↓

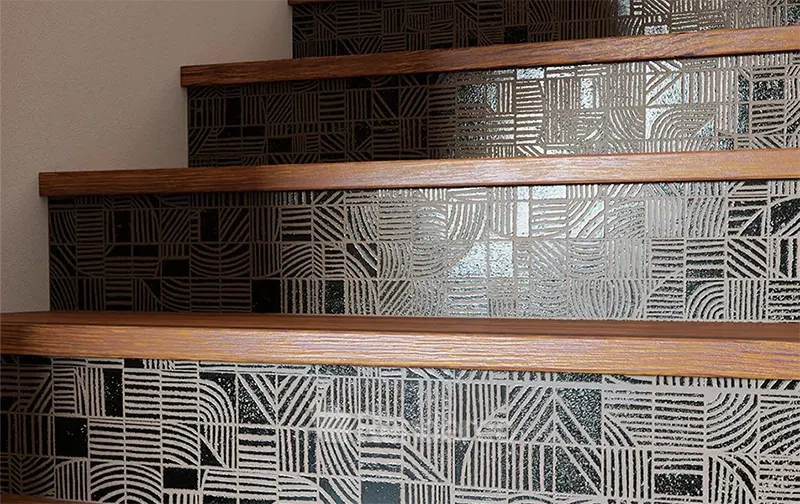 detalle de escalones en mosaico ceramico negro y plano en madera oscura
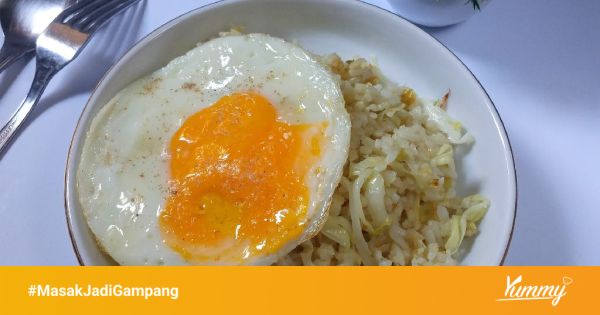 Penyetan Cobek Rumahan dengan Nasi Hangat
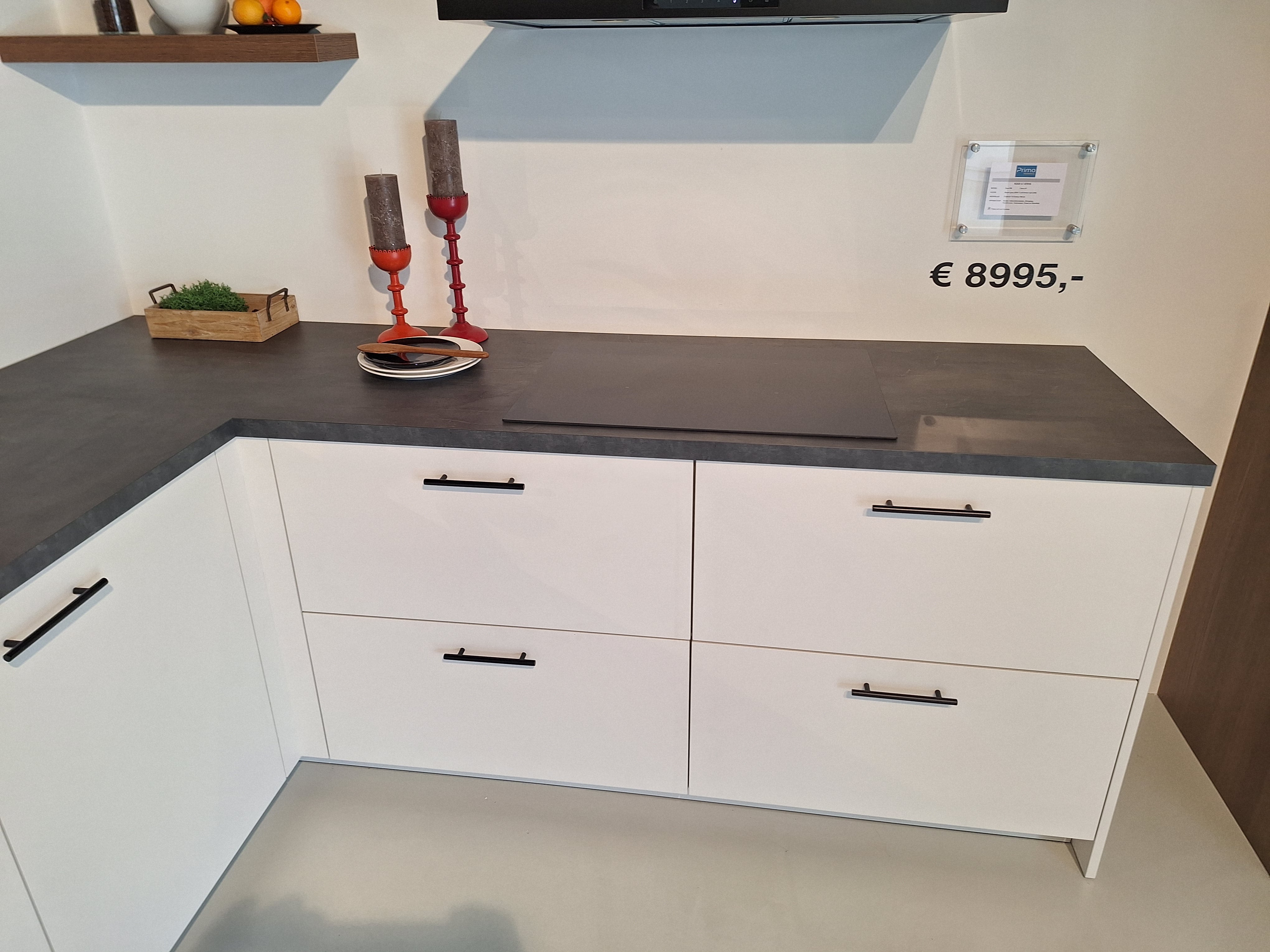 04541 - Moderne hoekkeuken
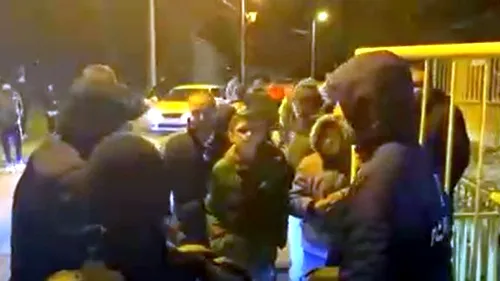 Scandal mare după FC Argeș - Petrolul! Portarul Cătălin Straton, prins la înghesuială: „Să-ți fie rușine, bă!”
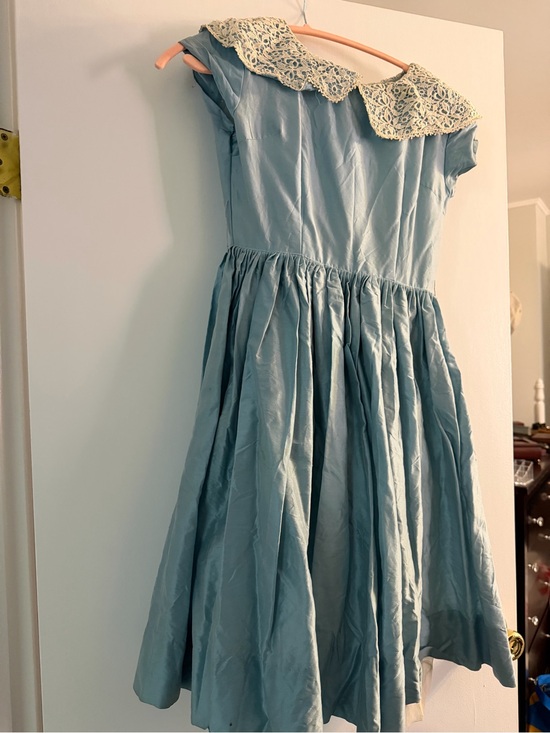 R 2 Dresses & Skirts - Vintage 1960’s party dress with Lace Collar in Light Blue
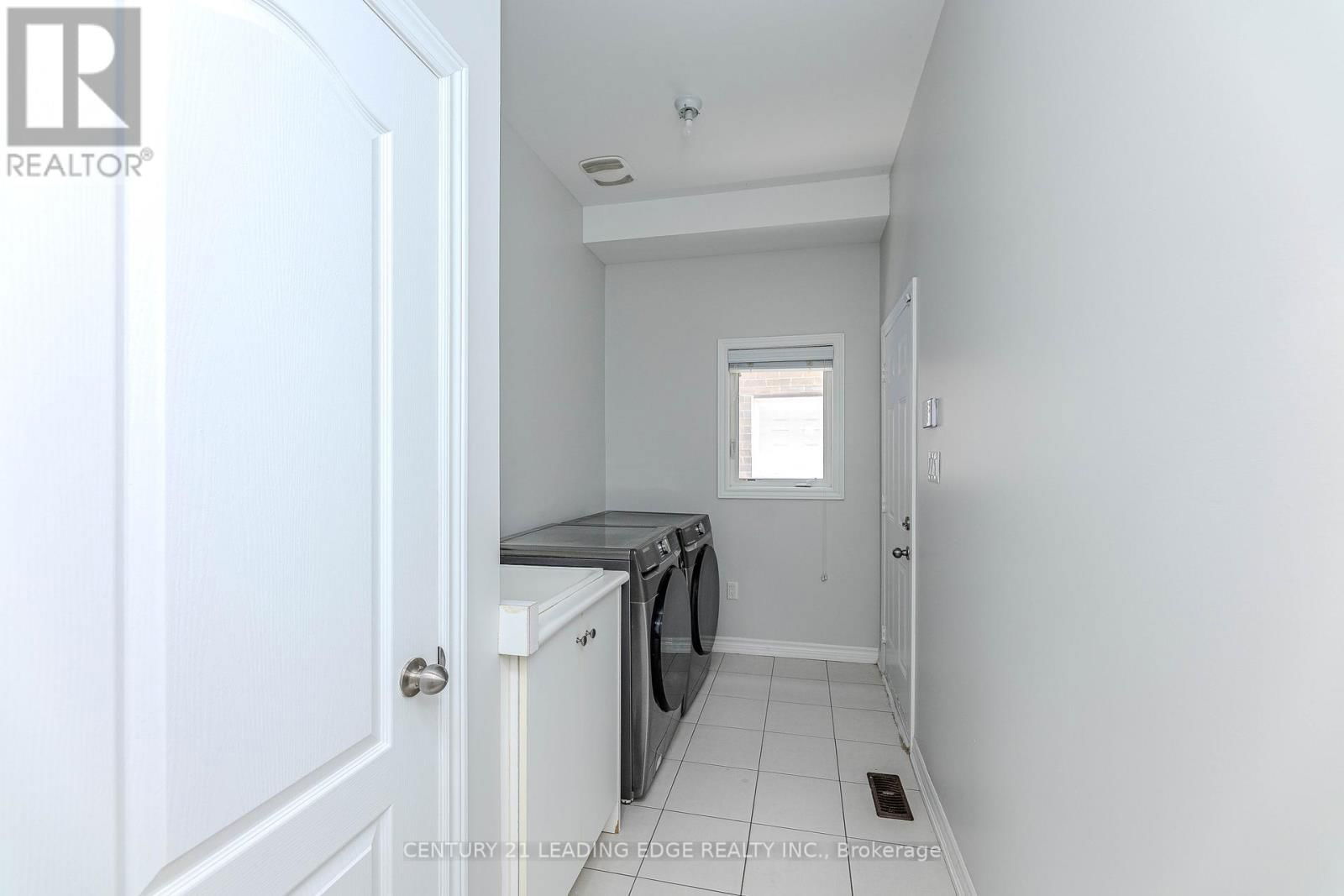 122 MCKENZIE WAY Image 10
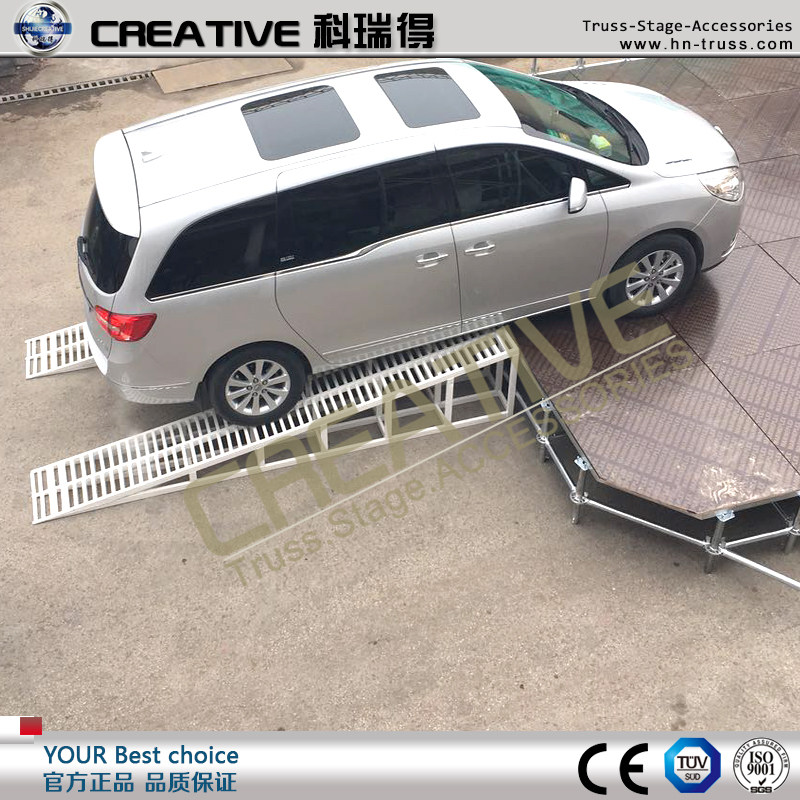 Steel reamer stage folding and lifting activities assembled stage truss lighting frame background truss manufacturers Guangdong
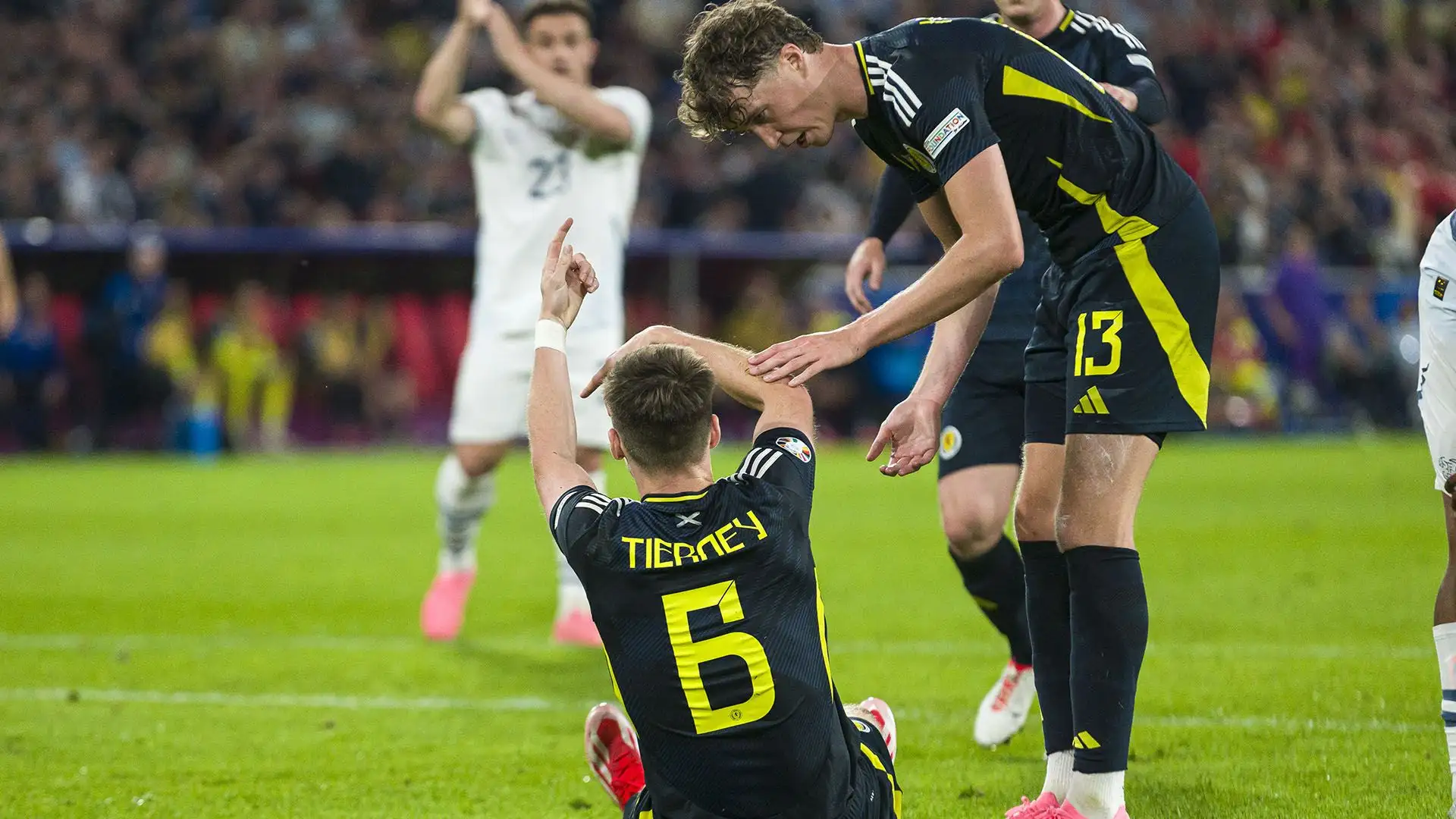 Tierney ha accusato un problema al ginocchio 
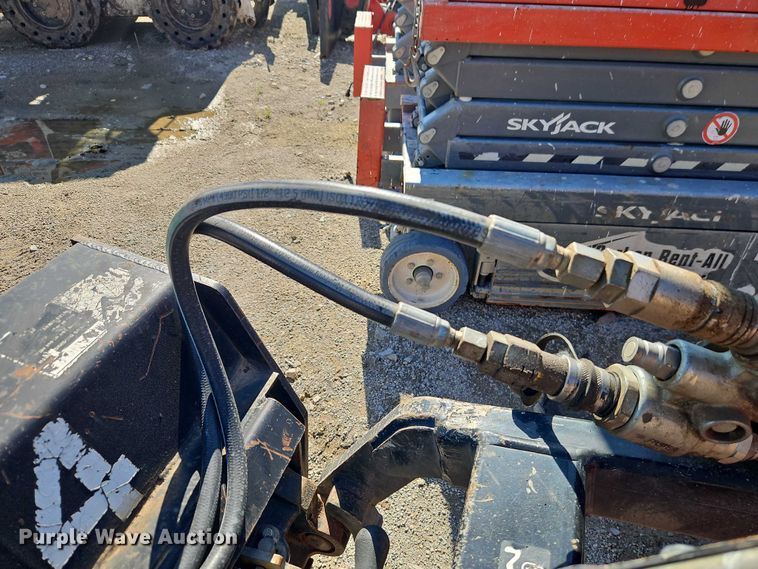 image for item EJ0051 2008 Ditch Witch compact utility loader trencher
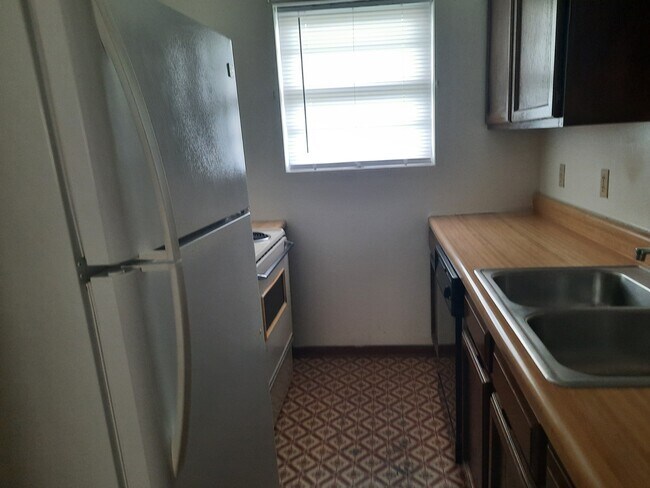 Foto del edificio - 733 N Webster St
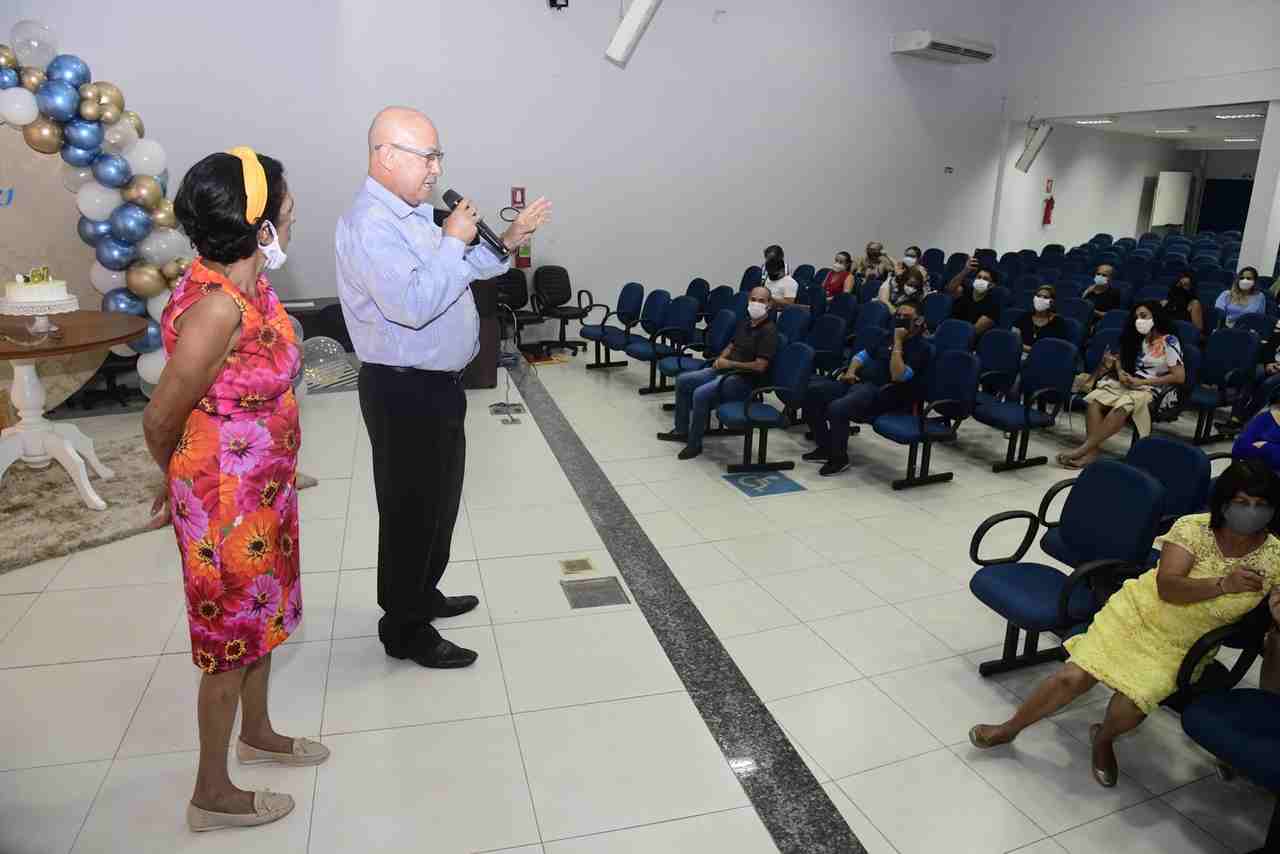 Unifan Professor Alcides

↑

### What to produce
For this exercise, reproduce exactly the lines of the records above from the one with "04541 - Moderne hoekkeuken" up to and including the one with "Steel reamer stage", without pictures.

### Response to the task
 04541 - Moderne hoekkeuken
 Scandal mare după FC Argeș - Petrolul! Portarul Cătălin Straton, prins la înghesuială: „Să-ți fie rușine, bă!”
 R 2 Dresses & Skirts - Vintage 1960’s party dress with Lace Collar in Light Blue
 122 MCKENZIE WAY Image 10
 Steel reamer stage folding and lifting activities assembled stage truss lighting frame background truss manufacturers Guangdong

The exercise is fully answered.